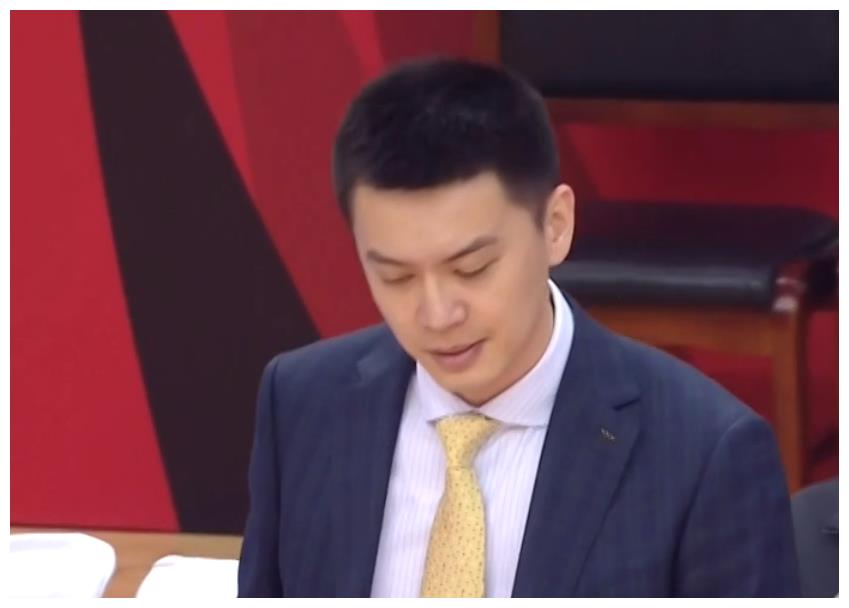 窗口期多特蒙德调整名单以备CBA常规赛，迎来里程碑环节打磨，更衣室稳定，心理建设被强调的简单介绍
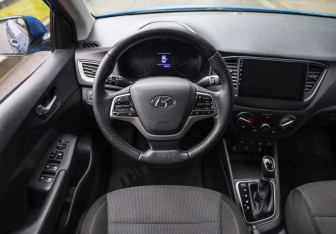 Подержанный автомобиль Hyundai Solaris Sedan 2020 года (12 фото)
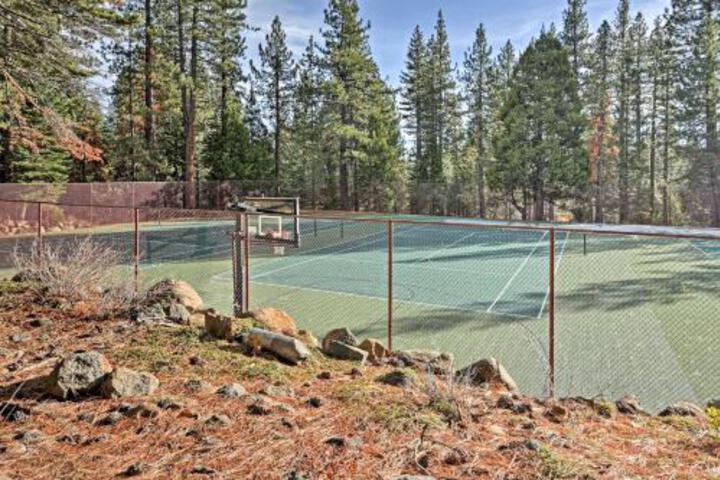 Kings Beach Condo W / 2 Decks Mins To Lake Tahoe! - thumb 6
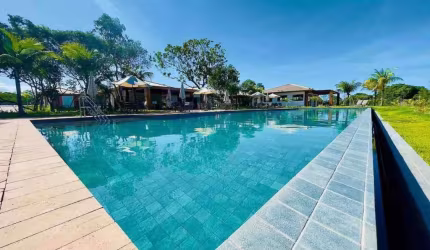 VILLAGE À VENDA EM PRAIA DO FORTE – CONDOMÍNIO VILA DO LAGO
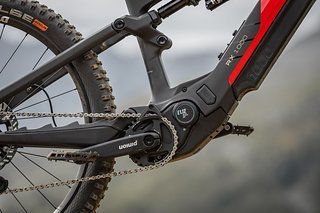 Rotwild setzt auf den Pinion E1.12 MGU – ein Motor mit integrierter Schaltung, die 12 Gänge zur Verfügung stellt. Rotwild setzt auf den Pinion E1.12 MGU – ein Motor mit integrierter Schaltung, die 12 Gänge zur Verfügung stellt.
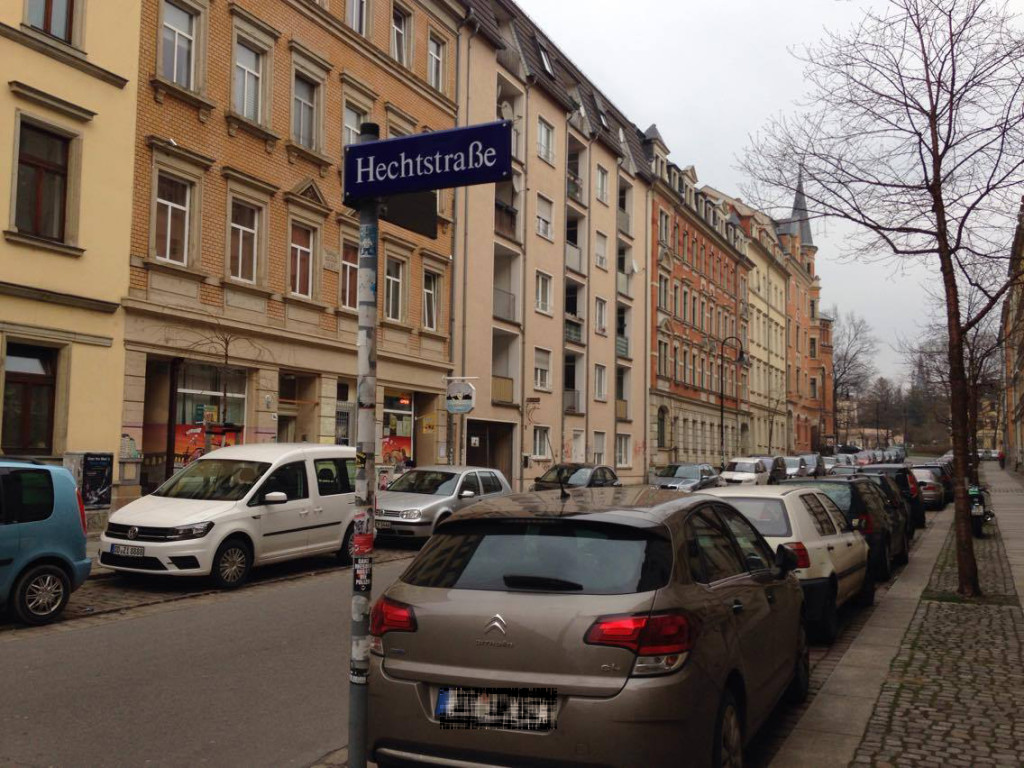 Die Hechtstraße benannt nach dem Förster Johann August Hecht ist die Hauptachse im Viertel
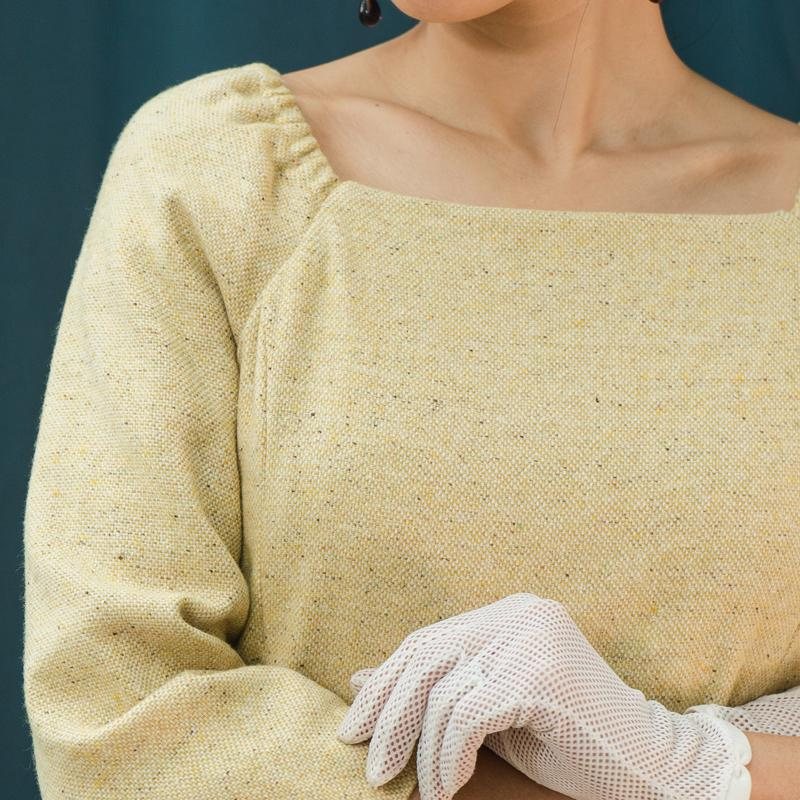 C.a. 1960-80s Japanese Light Mustard Yellow MOD style Two Way On and Off Shoulder Day Dress (MT1541)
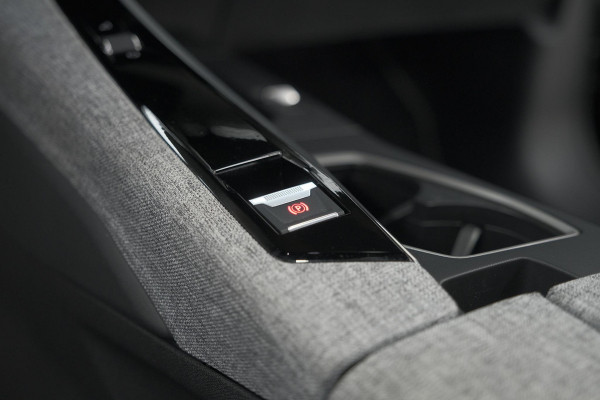 Peugeot 3008 1.2 Hybrid 136 GT | Panoramadak | 360 Camera | Stoelverwarming | Elektrische Kofferklep | Allseason Banden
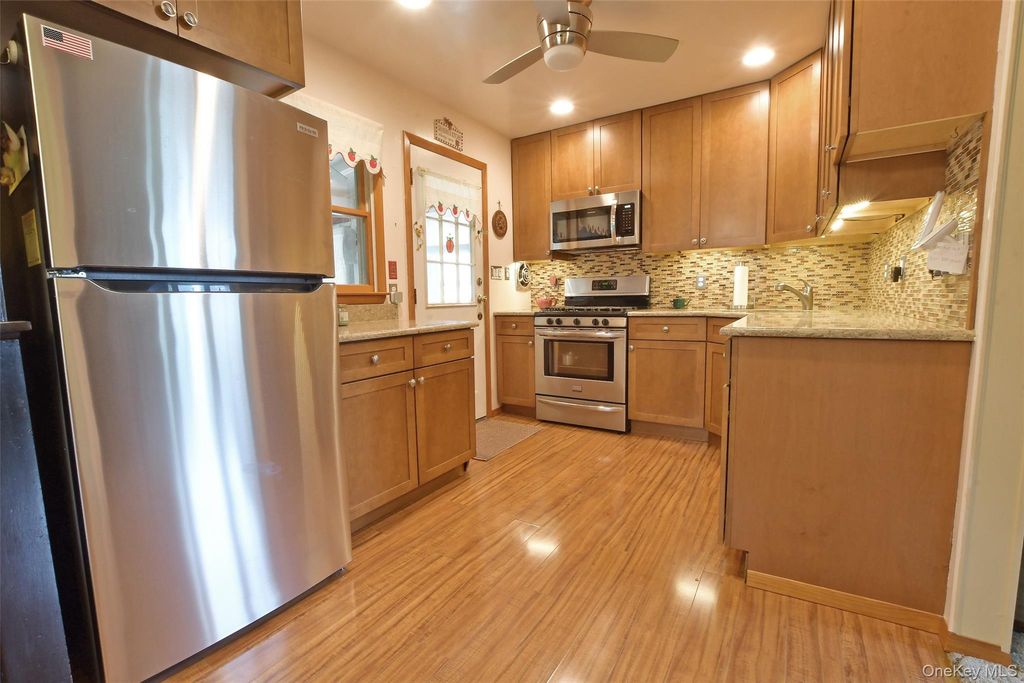 24 Island Boulevard, Bohemia, NY 11716 — photo 5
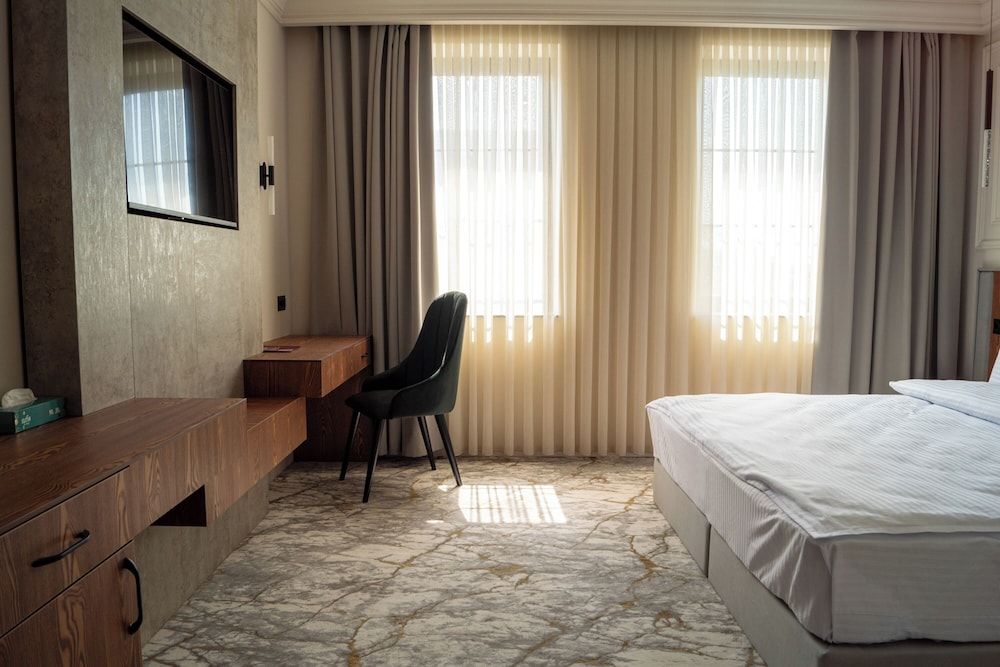 Meridian Plaza by Reikartz Standard Double Room 2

> _YOUR INSTRUCTIONS_
The answer should consist only of the lines from the line with "C.a. 1960-80s Japanese" through the last line of the data, repeated exactly; pictures stay out.

> _RESULT FOR THIS EXERCISE_
 C.a. 1960-80s Japanese Light Mustard Yellow MOD style Two Way On and Off Shoulder Day Dress (MT1541)
 Peugeot 3008 1.2 Hybrid 136 GT | Panoramadak | 360 Camera | Stoelverwarming | Elektrische Kofferklep | Allseason Banden
 24 Island Boulevard, Bohemia, NY 11716 — photo 5
 Meridian Plaza by Reikartz Standard Double Room 2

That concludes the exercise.